Transcribe exactly the stretch of lines beginning at the one containing "Klapki męskie UMBRO" and closing with the last line of the entries below. Omit images.

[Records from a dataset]
##########

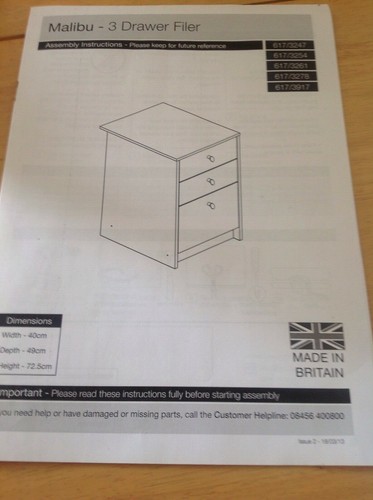 Malibu drawer filer - x,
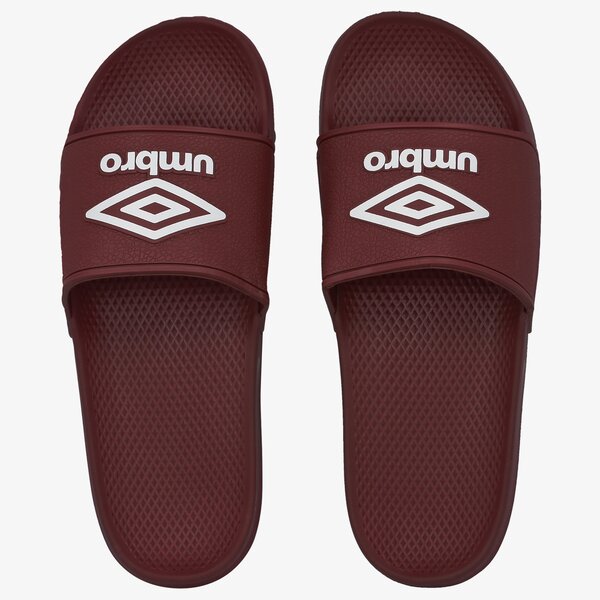 Klapki męskie UMBRO SQUADRA SLIDE  81679u-6jy kolor bordowy
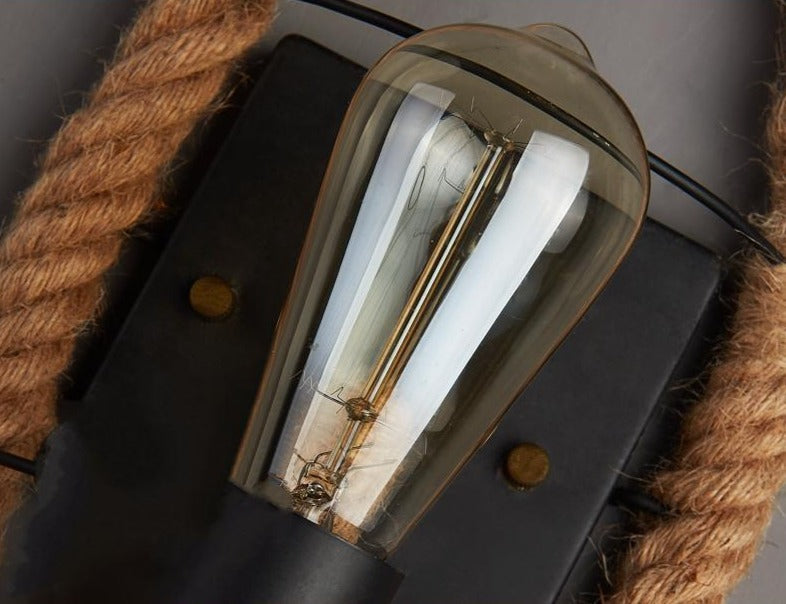 Vintage Touw Wandlamp - RusticRope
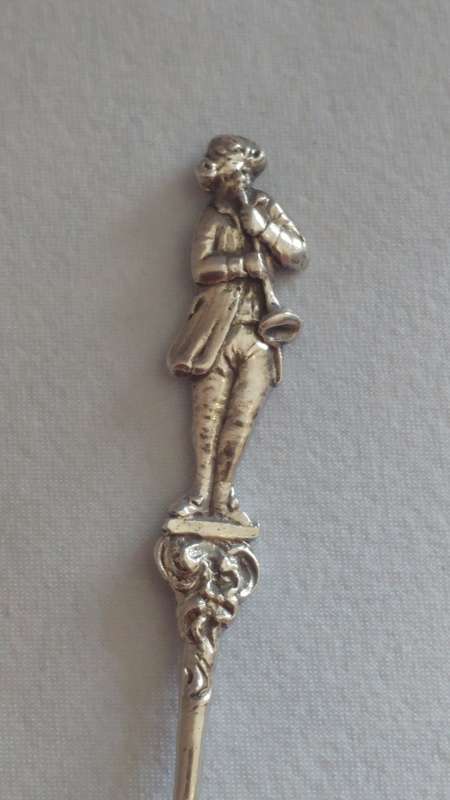 Solid Silver teaspoon musicians (3)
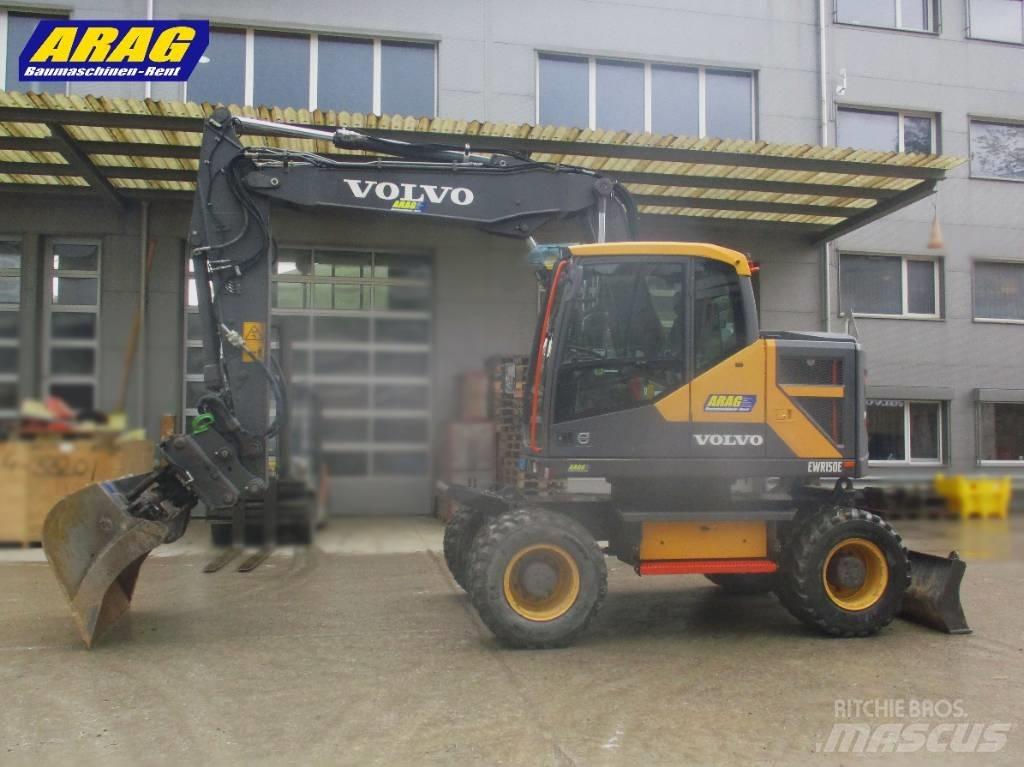 Volvo EWR 150 E Bagri na kolesih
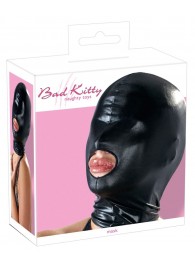 Черная эластичная маска на голову с отверстием для рта - Orion - купить с доставкой в Бердске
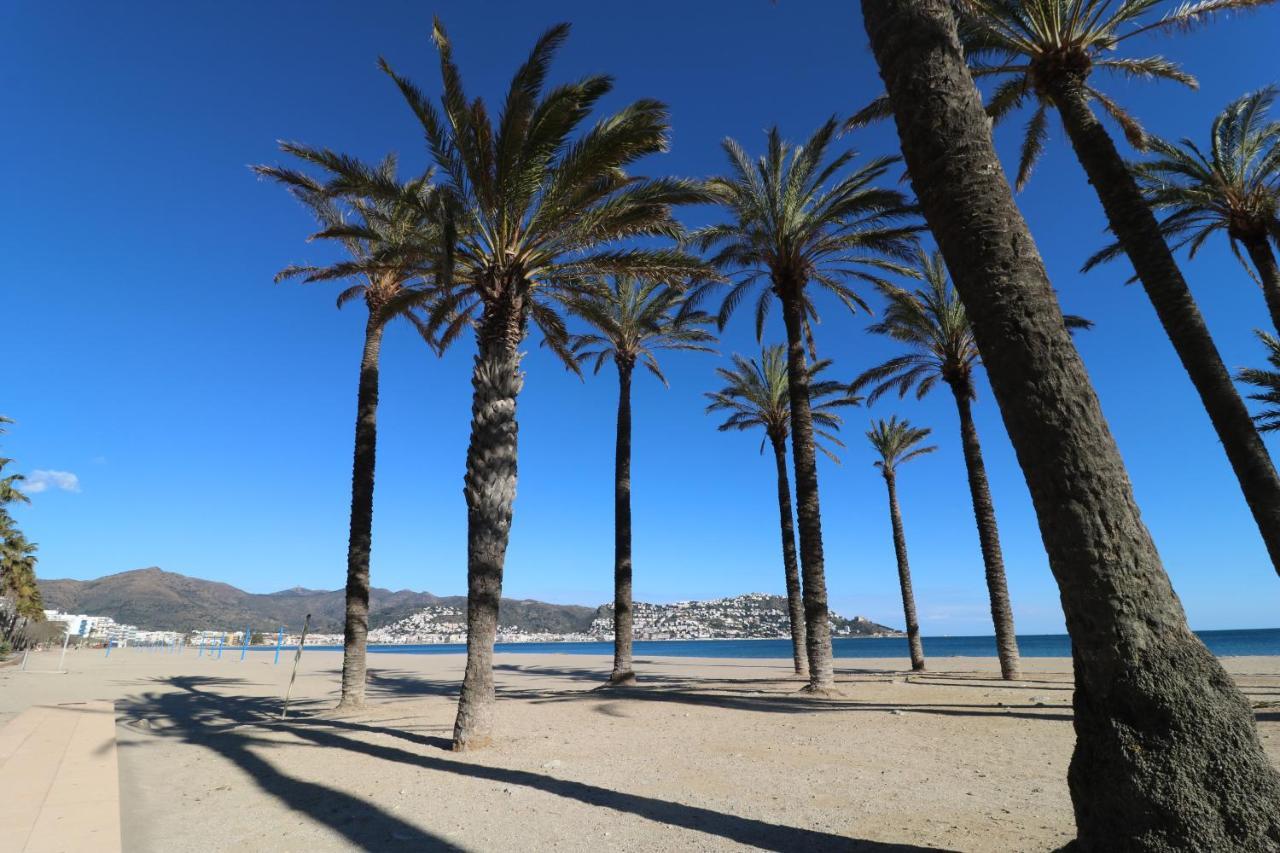 Ferienwohnung Rhode Vista Al Mar Roses Exterior foto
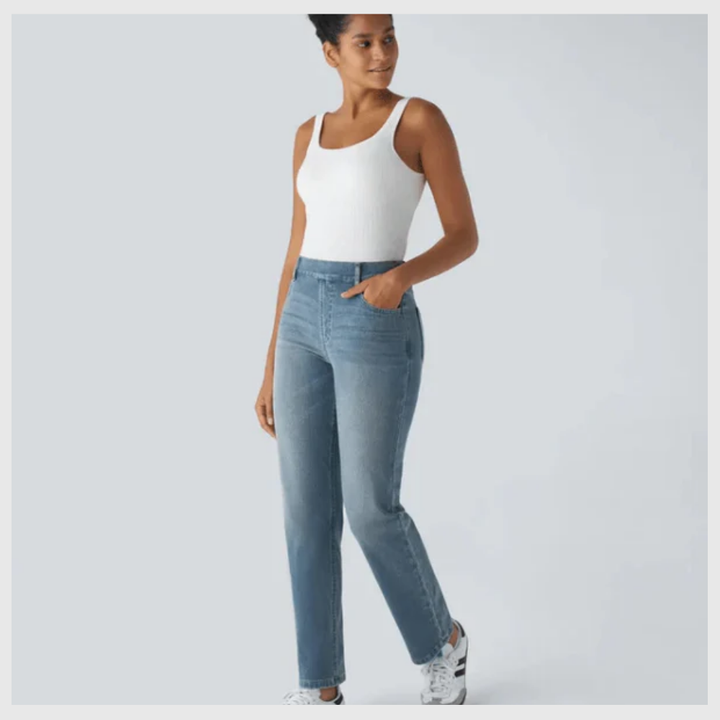 Pantalon Confort Taille Haute – Stretch Élastique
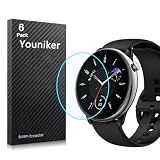 Youniker 6 Pack Compatible with Amazfit GTR Mini Screen Protector Film for Amazfit GTR Mini Smartwatch Screen Protectors Foils Screen Cover Crystal Clear HD Anti-Scratch Anti-Fingerprint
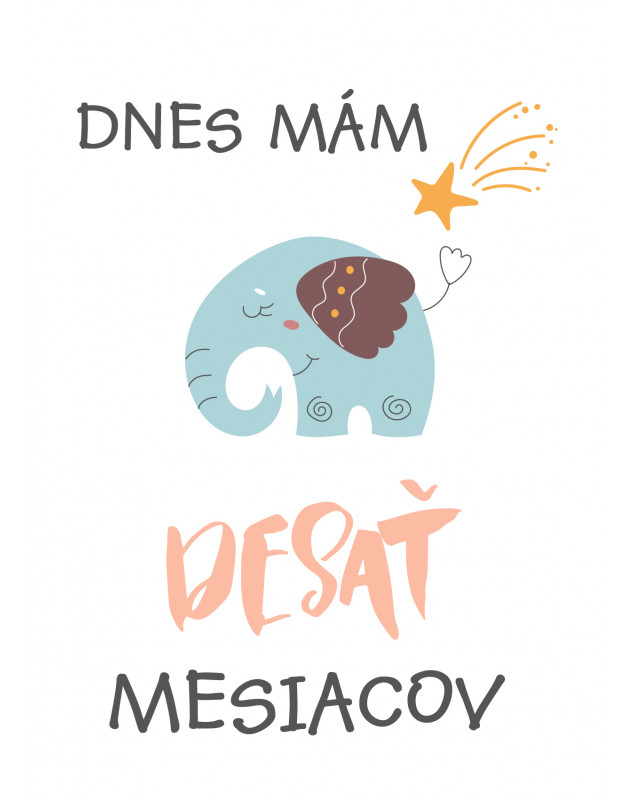 Míľnikové kartičky  sloniky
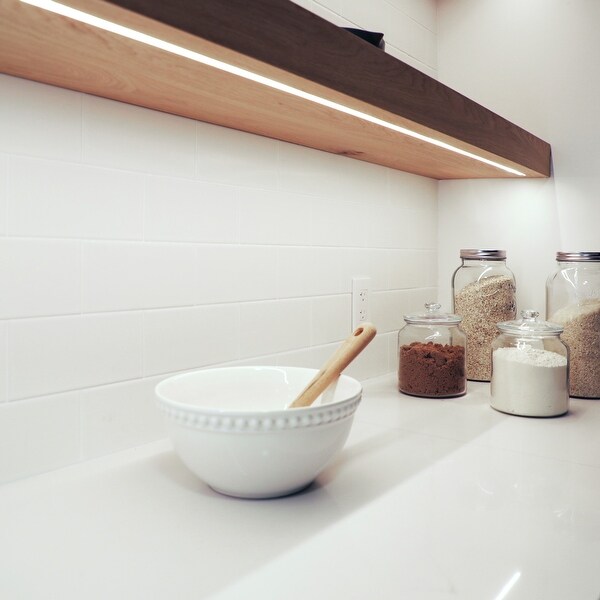 SomerTile Projectos White 3.86" x 7.75" Ceramic Subway Floor and Wall Tile. Opens flyout.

##########

- Problem solution -
 Klapki męskie UMBRO SQUADRA SLIDE  81679u-6jy kolor bordowy
 Vintage Touw Wandlamp - RusticRope
 Solid Silver teaspoon musicians (3)
 Volvo EWR 150 E Bagri na kolesih
 Черная эластичная маска на голову с отверстием для рта - Orion - купить с доставкой в Бердске
 Ferienwohnung Rhode Vista Al Mar Roses Exterior foto
 Pantalon Confort Taille Haute – Stretch Élastique
 Youniker 6 Pack Compatible with Amazfit GTR Mini Screen Protector Film for Amazfit GTR Mini Smartwatch Screen Protectors Foils Screen Cover Crystal Clear HD Anti-Scratch Anti-Fingerprint
 Míľnikové kartičky  sloniky
 SomerTile Projectos White 3.86" x 7.75" Ceramic Subway Floor and Wall Tile. Opens flyout.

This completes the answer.